Filed under: Politics
Ran into one this morning that purported to show the IQ of all our presidents, starting with, of course, George Washington. Utter Bunk!
The Standford-Benet Test of intelligence, IQ, didn’t appear until 1916. Any estimates of Presidents’ IQ prior to that date are totally bogus.You can get a vague estimate from their speeches or writings, but of course very intelligent people may not speak or write a lot publicly, some have their speeches written for them, some speak a lot publicly but in someone else’s words Just a reminder that we are all probably way too ready to believe whatever we are told.
A goodly portion of what we read deserves a skeptical mind. What are the writers’ qualifications to deserve belief? What we hear from modern presidents is mostly what we are scheduled to hear and believe, while skeptical reporters try to find out what their advisers really think or have in mind for us. IQ tests clearly measure something or other, but is it anything useful? Dunno. Does a person whose IQ registers at 98 understand less about the climate and what it means than someone who resisters at 148? Or does the one with the higher formal numbers experience chill or sweat against what the thermometer says the sane as the one with the lower numbers? Chilling and sweating probably feels the same.

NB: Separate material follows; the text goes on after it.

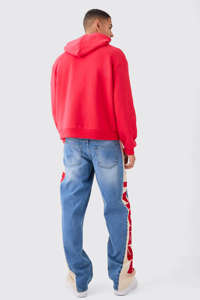 Sweat à capuche OEM 500 gsm 100% coton épais luxe, épais, épais, fabricants de haute qualité, sweat à capuche personnalisé surdimensionné - Product Image 5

Before 1916, we were pretty much on our own to decide how smart or stupid our leaders were. Many did not write well, and had their speeches all written for them. And IQ may have little to do with intentions. There are aims and goals and the public and private ones may not even agree. And who are the advisers and what are their qualifications? Or for that matter who are the President’s secretaries? There is a sudden concern about the climate of the earth. Why? The climate of the earth is controlled by the action of our sun, not by our auto exhausts, campfires, smokestacks or what have you, and the sun seems to be just fine, shining down on us daily, give and take ordinary clouds and rain.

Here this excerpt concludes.